The projected import volume marks a slight decline from the 1.83 million tonnes imported in 2024/25

SOUTH AFRICA – South Africa is set to import approximately 1.74 million tonnes of wheat in the 2025/26 marketing year (MY), starting October 3, to meet nearly half of its annual consumption needs, according to agricultural trade reports.
South Africa is a net wheat importer, and 3 October marked the first week of the new 2025-26 marketing year. The country has already imported 20,362 tonnes this season, with Australia (52%), Lithuania (43%), and Poland (5%) as the primary suppliers.
The projected import volume marks a slight decline from the 1.83 million tonnes imported in 2024/25, driven by a modest uptick in domestic wheat production, forecast at 2.03 million tonnes.
However, this falls well short of the nation’s estimated 3.8 million tonnes of annual wheat consumption, highlighting South Africa’s ongoing reliance on foreign wheat to feed its population.
South Africa’s wheat imports have surged since the 2003/04 MY, when they crossed the one-million-tonne threshold, up from an average of 458,000 tonnes annually before then.
The increase stems from high domestic demand and a steady decline in wheat-planted areas, which have remained below one million hectares since 1997/98. Low profitability and challenging climatic conditions, particularly in the Free State, have driven this trend.
Following the deregulation of agricultural markets, South African farmers have faced stiff global competition, with only a few regions, like the Western Cape and irrigated zones in the Northern Cape, Free State, Limpopo, and North West, remaining viable for high-quality wheat production.
Despite these challenges, wheat yields have improved significantly, rising from below 2 tonnes per hectare in 1997/98 to 3.8 tonnes per hectare in 2024/25, thanks to advancements in farming techniques.
With domestic production unable to keep pace with demand, South Africa’s reliance on imports underscores the need for strategic agricultural planning.
Recently, the South African Reserve Bank’s balance of payments report revealed that South Africa’s trade surplus has fallen sharply, dropping by R34 billion (US$1.89 billion) in a single quarter, largely due to weaker mining outputs and a notable decline in maize exports.
The surplus declined from R211 billion (US$11.72 billion) in the first quarter of 2025 to R177.1 billion (US$9.84 billion) in the second quarter, raising concerns over the performance of one of the nation’s most important agricultural commodities.
Agriculture Minister John Steenhuisen expressed particular concern about maize, a staple crop that is central to both food security and foreign exchange earnings.

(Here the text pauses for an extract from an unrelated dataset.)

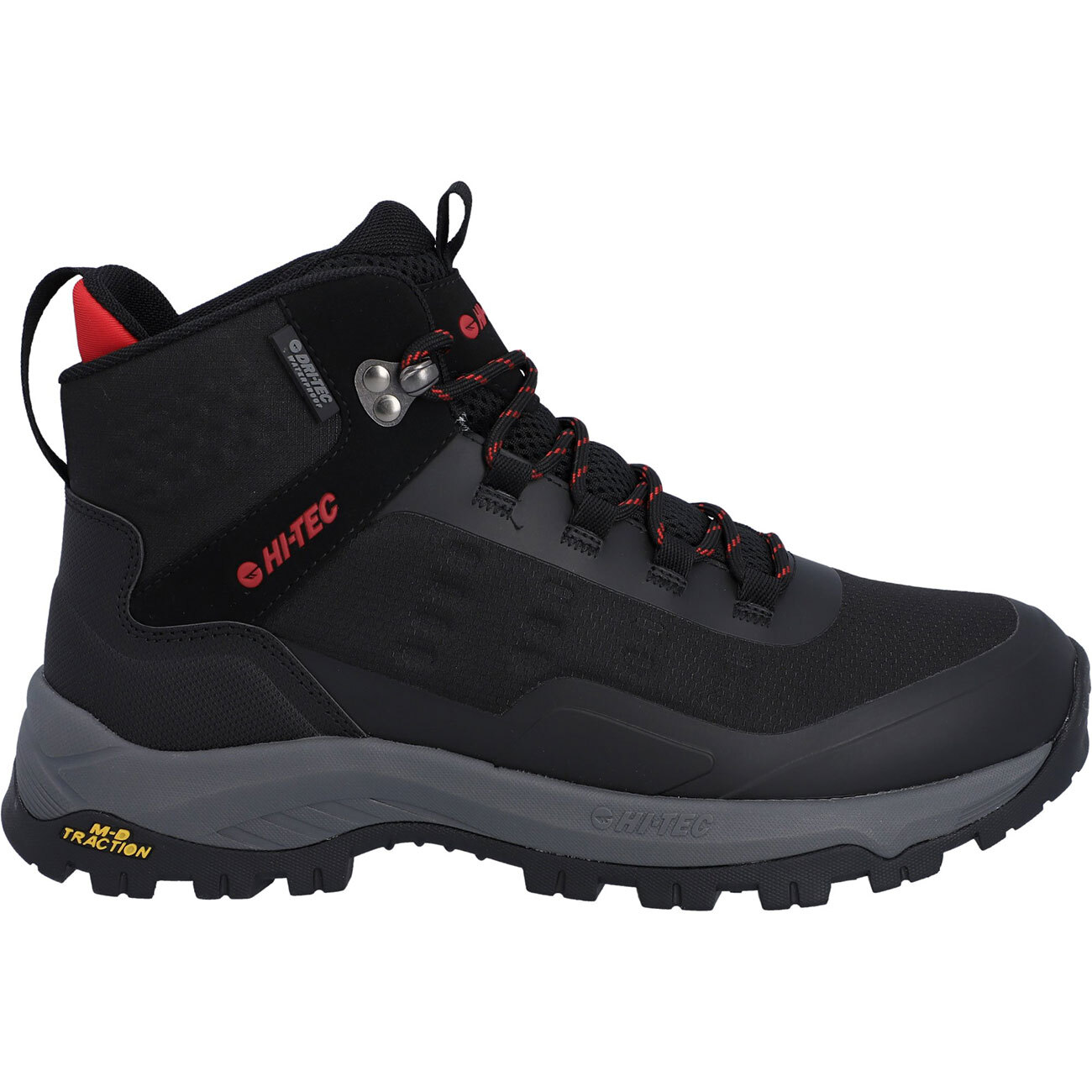 Thumbnail - Hi-Tec Wanderschuh "Hi-Tec Stiefel Storm Expedition Sport Wp"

“The observed decline in maize export value during the second quarter reflects a combination of volume constraints, softer international prices, and rising trade frictions globally,” Steenhuisen said.
“This is not only a concern for the balance of payments, but also for the farmers, agribusinesses, and rural communities whose livelihoods depend on stable and expanding export demand,” he added.